* _Your objective_: In this exercise, return each entry exactly as given.

* _Data provided_:
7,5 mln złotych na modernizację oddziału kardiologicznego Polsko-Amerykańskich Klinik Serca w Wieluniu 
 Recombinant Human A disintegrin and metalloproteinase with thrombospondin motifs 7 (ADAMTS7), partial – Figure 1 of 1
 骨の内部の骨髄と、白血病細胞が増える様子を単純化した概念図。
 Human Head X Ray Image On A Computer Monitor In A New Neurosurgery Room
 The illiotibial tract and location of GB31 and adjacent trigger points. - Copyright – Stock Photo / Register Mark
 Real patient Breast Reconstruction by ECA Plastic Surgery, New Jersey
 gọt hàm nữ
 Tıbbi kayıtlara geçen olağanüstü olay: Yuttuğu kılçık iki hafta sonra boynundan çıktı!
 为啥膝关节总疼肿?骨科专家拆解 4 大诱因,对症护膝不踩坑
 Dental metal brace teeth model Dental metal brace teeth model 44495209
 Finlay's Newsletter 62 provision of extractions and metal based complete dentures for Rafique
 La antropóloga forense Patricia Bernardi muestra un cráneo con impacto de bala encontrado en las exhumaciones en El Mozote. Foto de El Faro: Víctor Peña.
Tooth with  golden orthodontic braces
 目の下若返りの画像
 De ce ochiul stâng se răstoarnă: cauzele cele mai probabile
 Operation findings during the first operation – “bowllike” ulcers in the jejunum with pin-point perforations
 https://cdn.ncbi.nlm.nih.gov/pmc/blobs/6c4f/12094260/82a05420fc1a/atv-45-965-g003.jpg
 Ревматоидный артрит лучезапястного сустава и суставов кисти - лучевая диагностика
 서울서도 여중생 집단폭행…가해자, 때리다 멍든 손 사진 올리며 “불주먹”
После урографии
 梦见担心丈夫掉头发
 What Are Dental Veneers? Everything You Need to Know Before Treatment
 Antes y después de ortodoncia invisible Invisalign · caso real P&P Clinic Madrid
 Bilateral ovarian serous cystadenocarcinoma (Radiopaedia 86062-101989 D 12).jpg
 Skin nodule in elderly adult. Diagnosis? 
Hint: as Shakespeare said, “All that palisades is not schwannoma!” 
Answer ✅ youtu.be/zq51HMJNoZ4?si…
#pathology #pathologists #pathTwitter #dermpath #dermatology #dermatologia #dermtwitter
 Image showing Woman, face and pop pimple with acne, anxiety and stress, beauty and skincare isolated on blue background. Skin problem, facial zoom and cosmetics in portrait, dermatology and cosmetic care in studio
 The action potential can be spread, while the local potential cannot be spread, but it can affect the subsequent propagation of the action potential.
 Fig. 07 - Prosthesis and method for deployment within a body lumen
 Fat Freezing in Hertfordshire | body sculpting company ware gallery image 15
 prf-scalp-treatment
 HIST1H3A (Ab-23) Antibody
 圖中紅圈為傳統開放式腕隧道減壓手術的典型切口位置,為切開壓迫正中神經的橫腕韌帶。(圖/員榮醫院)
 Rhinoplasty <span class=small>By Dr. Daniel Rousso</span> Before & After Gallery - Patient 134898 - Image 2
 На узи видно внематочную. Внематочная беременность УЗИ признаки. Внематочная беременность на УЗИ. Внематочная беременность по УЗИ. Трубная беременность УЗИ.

* _Output_:
7,5 mln złotych na modernizację oddziału kardiologicznego Polsko-Amerykańskich Klinik Serca w Wieluniu 
 Recombinant Human A disintegrin and metalloproteinase with thrombospondin motifs 7 (ADAMTS7), partial – Figure 1 of 1
 骨の内部の骨髄と、白血病細胞が増える様子を単純化した概念図。
 Human Head X Ray Image On A Computer Monitor In A New Neurosurgery Room
 The illiotibial tract and location of GB31 and adjacent trigger points. - Copyright – Stock Photo / Register Mark
 Real patient Breast Reconstruction by ECA Plastic Surgery, New Jersey
 gọt hàm nữ
 Tıbbi kayıtlara geçen olağanüstü olay: Yuttuğu kılçık iki hafta sonra boynundan çıktı!
 为啥膝关节总疼肿?骨科专家拆解 4 大诱因,对症护膝不踩坑
 Dental metal brace teeth model Dental metal brace teeth model 44495209
 Finlay's Newsletter 62 provision of extractions and metal based complete dentures for Rafique
 La antropóloga forense Patricia Bernardi muestra un cráneo con impacto de bala encontrado en las exhumaciones en El Mozote. Foto de El Faro: Víctor Peña.
Tooth with  golden orthodontic braces
 目の下若返りの画像
 De ce ochiul stâng se răstoarnă: cauzele cele mai probabile
 Operation findings during the first operation – “bowllike” ulcers in the jejunum with pin-point perforations
 https://cdn.ncbi.nlm.nih.gov/pmc/blobs/6c4f/12094260/82a05420fc1a/atv-45-965-g003.jpg
 Ревматоидный артрит лучезапястного сустава и суставов кисти - лучевая диагностика
 서울서도 여중생 집단폭행…가해자, 때리다 멍든 손 사진 올리며 “불주먹”
После урографии
 梦见担心丈夫掉头发
 What Are Dental Veneers? Everything You Need to Know Before Treatment
 Antes y después de ortodoncia invisible Invisalign · caso real P&P Clinic Madrid
 Bilateral ovarian serous cystadenocarcinoma (Radiopaedia 86062-101989 D 12).jpg
 Skin nodule in elderly adult. Diagnosis? 
Hint: as Shakespeare said, “All that palisades is not schwannoma!” 
Answer ✅ youtu.be/zq51HMJNoZ4?si…
#pathology #pathologists #pathTwitter #dermpath #dermatology #dermatologia #dermtwitter
 Image showing Woman, face and pop pimple with acne, anxiety and stress, beauty and skincare isolated on blue background. Skin problem, facial zoom and cosmetics in portrait, dermatology and cosmetic care in studio
 The action potential can be spread, while the local potential cannot be spread, but it can affect the subsequent propagation of the action potential.
 Fig. 07 - Prosthesis and method for deployment within a body lumen
 Fat Freezing in Hertfordshire | body sculpting company ware gallery image 15
 prf-scalp-treatment
 HIST1H3A (Ab-23) Antibody
 圖中紅圈為傳統開放式腕隧道減壓手術的典型切口位置,為切開壓迫正中神經的橫腕韌帶。(圖/員榮醫院)
 Rhinoplasty <span class=small>By Dr. Daniel Rousso</span> Before & After Gallery - Patient 134898 - Image 2
 На узи видно внематочную. Внематочная беременность УЗИ признаки. Внематочная беременность на УЗИ. Внематочная беременность по УЗИ. Трубная беременность УЗИ.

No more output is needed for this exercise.